Une critique sans divulgâcher.
Que l’année cinématographique québécoise fut belle, palpitante, émouvante, innovante avec ces histoires, ces personnages que nous n’oublierons pas de sitôt. D’ailleurs, j’ai une pensée particulière pour le dernier récital, grandiose, dans Il pleuvait des oiseaux, de madame Andrée Lachapelle qui s’est éteinte durant la journée du 21 novembre.
Le cinéma québécois provoque un attachement incroyable à ces nombreux protagonistes « gris ». Lorsque j’évoque les personnages « gris » je désigne les protagonistes capables de nous donner et de nous extirper les émotions que nous attendons quand nous nous asseyons dans une salle obscure. C’est le cas du dernier film de Vincent Biron, qui nous montre des personnages complexes dans les à-côtés d’un sport considéré comme une religion au Canada et au Québec : le hockey.
Concernant ce troisième long-métrage du jeune et talentueux réalisateur, il ne s’agit pas d’un énième film sur des équipes qui s’affrontent pour remporter une coupe ou le championnat ou encore d’une équipe nulle qui devient forte à la fin.
Nous y découvrons deux cousins avec des rêves pleins la tête, l’un voulant rejouer avec les Barbares dans la prestigieuse LNH après une grave blessure au cou, l’autre qui se rêve en tant qu’agent d’un cousin dont le talent indéniable laisse souvent place à un manque de sérieux et de travail.

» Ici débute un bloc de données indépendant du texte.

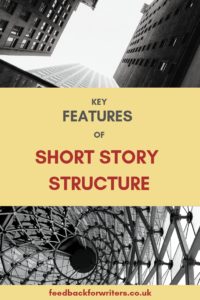 Key Features of Short Story Structure post header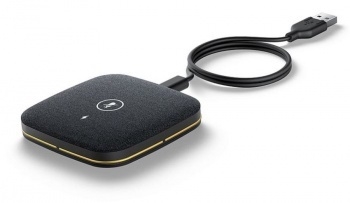 Yealink  (CPW65-DECT-DUO)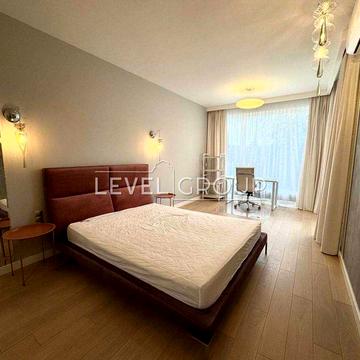 Продаж 1 кімнатної квартири в Park Lake City Парк Лейк Сіті Підгірці ЖК Park Lake City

Lancé dans un road movie captivant, intrigant, le spectateur y découvre les nombreuses désillusions de J-P, interprété par Justin Leyrolles-Bouchard (Pieds nus dans l’aube, District 31, L’Échappée…), par rapport à un cousin égoïste et à l’égo démesuré, joué brillamment par Philippe-Audrey Larrue St-Jacques pour son premier long-métrage. Nos deux protagonistes prennent un itinéraire jonché de nouvelles et anciennes rencontres attachantes notamment avec Erin Carter en jeune fille qui va au mariage de son ex ou Vincent Graton recruteur et mentor. Des rencontres émouvantes avec la bouleversante Florence Longpré en mère monoparentale mais également drôles, et pour cela, il y a Jici Lanzon, en animateur radio. Nous n’oublierons pas Alexandre Landry en joueur de hockey professionnel émérite ou Marcel Leboeuf, en petit patron d’un magasin de sport.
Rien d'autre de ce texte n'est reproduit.